If you’re going to do the Malama Trail to Puakō Petroglyph Archaeological District hike, plan for it to take about 30-40 minutes and remember to stay on the trail. Please don’t walk on or over, or make rubbings of any of the ancient petroglyphs. The fence is there for a reason. The carvings have a spiritual and cultural significance in Hawaiian culture, it’s disrespectful, and they could be damaged.

Also remember that it is best to view the petroglyphs when the sun is low in the sky. If the sun is too high, they will be harder to see.

The Puakō Petroglyph Archaeological District

The Puakō Petroglyphs, believed to be around 1,000 years old, are one of the largest concentrations of petroglyphs in Hawaii. They were discovered during the development of the Fairmont Orchid Hotel and preserved through the creation of the Puakō Petroglyph Archaeological District, which is listed on the National Register of Historic Places.

The 233 acre Puakō Petroglyph Archaeological District includes more than 3,000 designs that have been identified, including marchers, dancers, paddlers, canoes, sails, family groups, human forms, deity symbols, tools, birds, fish, turtles, dogs, and chickens. Although the true meaning of these Malama Petroglyphs are unknown, many believe the ancient carvings were records of births and significant events.

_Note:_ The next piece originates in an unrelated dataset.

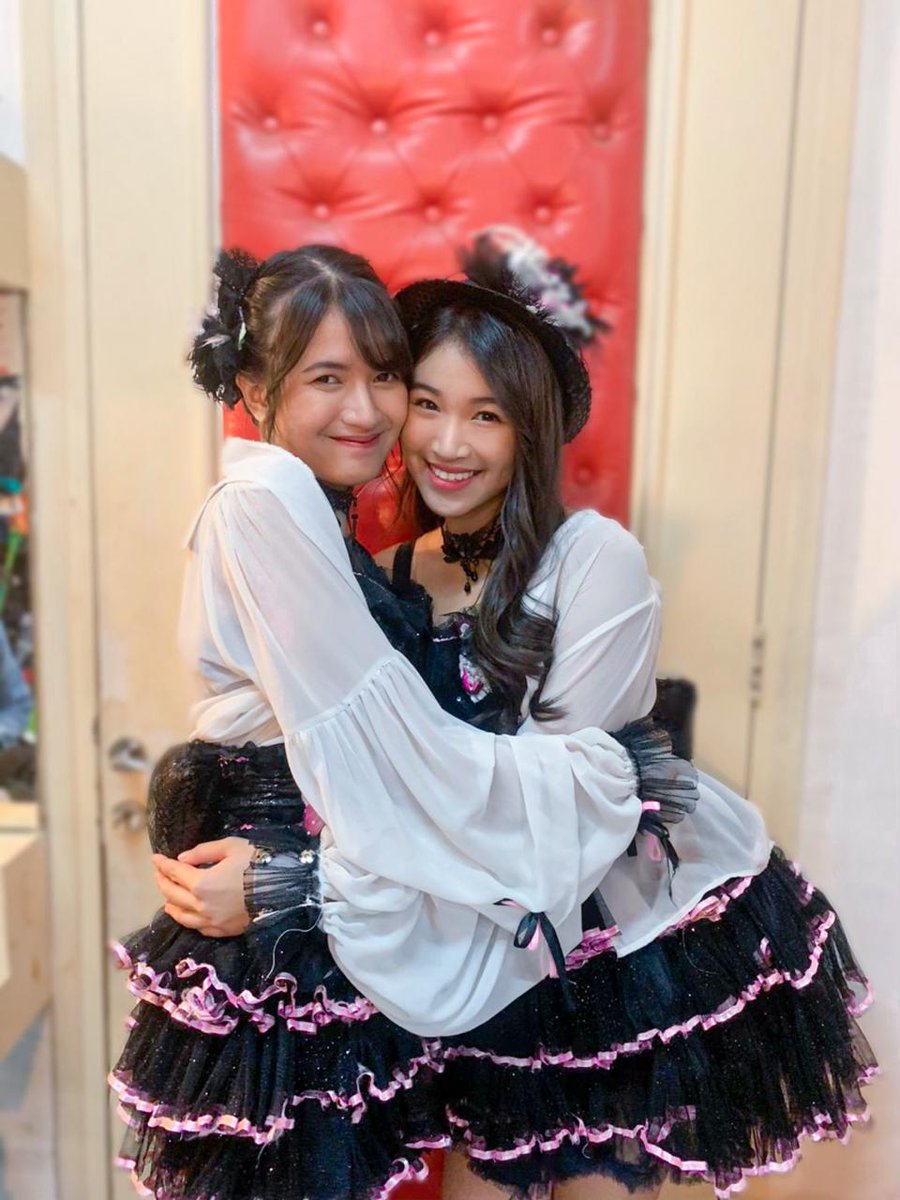 _shanindira's tweet photo. happy birthday&amp;happy graduation ka @Viny_JKT48 ♥️ 
Salah satu member terkuat di grup ini. Telah melalui berbagai macam rintangan tp masih bertahan sampai skrg, proud!
Terima kasih telah membimbing team KIII, sukses di jalan yang baru yaah
see u on top! love u capt!♥️
vinshan🤟 https://t.co/XluIGbzYXB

Ancient Hawaiians called their rock carvings k’i’i pohaku (images in stone). A large group of about 1,200 visible petroglyphs can be seen by hiking the Malama Trail to a fenced viewing area.

Know Before You Go

  • The Puakō Petroglyph Archaeological District and Malama Trail are located on the grounds of the Fairmont Orchid Hotel on Holoholokai Beach Park Road, Waimea, Hawaii 96743.
  • To reach the petroglyph preserve, turn off Highway 19 on Mauna Lani Drive (between mile markers 73 and 74), turn right on N Kaniku Drive (first turn on the roundabout), turn right on Holoholokai Beach Park Road, and look for the Holoholokai Beach Park and Puakō Petroglyph parking lot. There is good signage, so it should be pretty easy to find.
  • There are restrooms and showers in the parking area, as well as a shaded picnic area.
  • Don’t be fooled like most people! The obvious, near-perfect petroglyphs near the parking area are fakes/replicas and meant for those who want to make rubbings etc. The real ancient petroglyphs are down the Malama Trail.
  • The Malama Trail is a 1.4 mile out-and-back trail, traveling roughly 0.7 miles to the petroglyph viewing area and 0.7 miles back.
  • The Fairmont Orchid offers guided tours of the lava field that points out noteworthy carvings and shares fun facts about the petroglyphs.